→ **Material for this exercise**
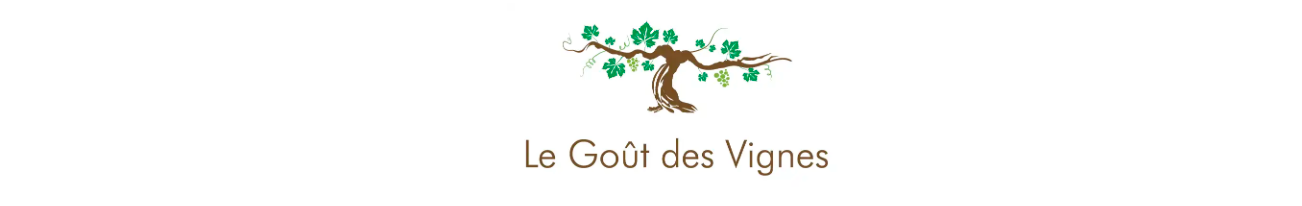 Le Goût des Vignes - Cave et Ateliers dégustation de vins français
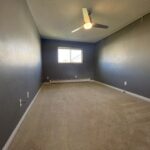 DJI_20240305_121722_643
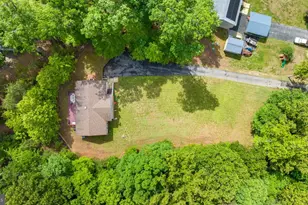 33 William and Mary Ln, Stafford, VA 22554 - Photo 39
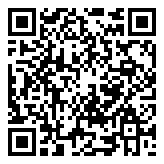 QR 2D CH-910971E-NA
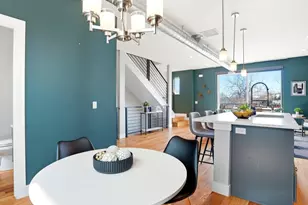 4922 Lowell Blvd, Denver, CO 80221 - Photo 18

→ **Task to carry out**
Each entry above is to be written out again unchanged, apart from the pictures, which are left out.

→ **Output**
 Le Goût des Vignes - Cave et Ateliers dégustation de vins français
 DJI_20240305_121722_643
 33 William and Mary Ln, Stafford, VA 22554 - Photo 39
 QR 2D CH-910971E-NA
 4922 Lowell Blvd, Denver, CO 80221 - Photo 18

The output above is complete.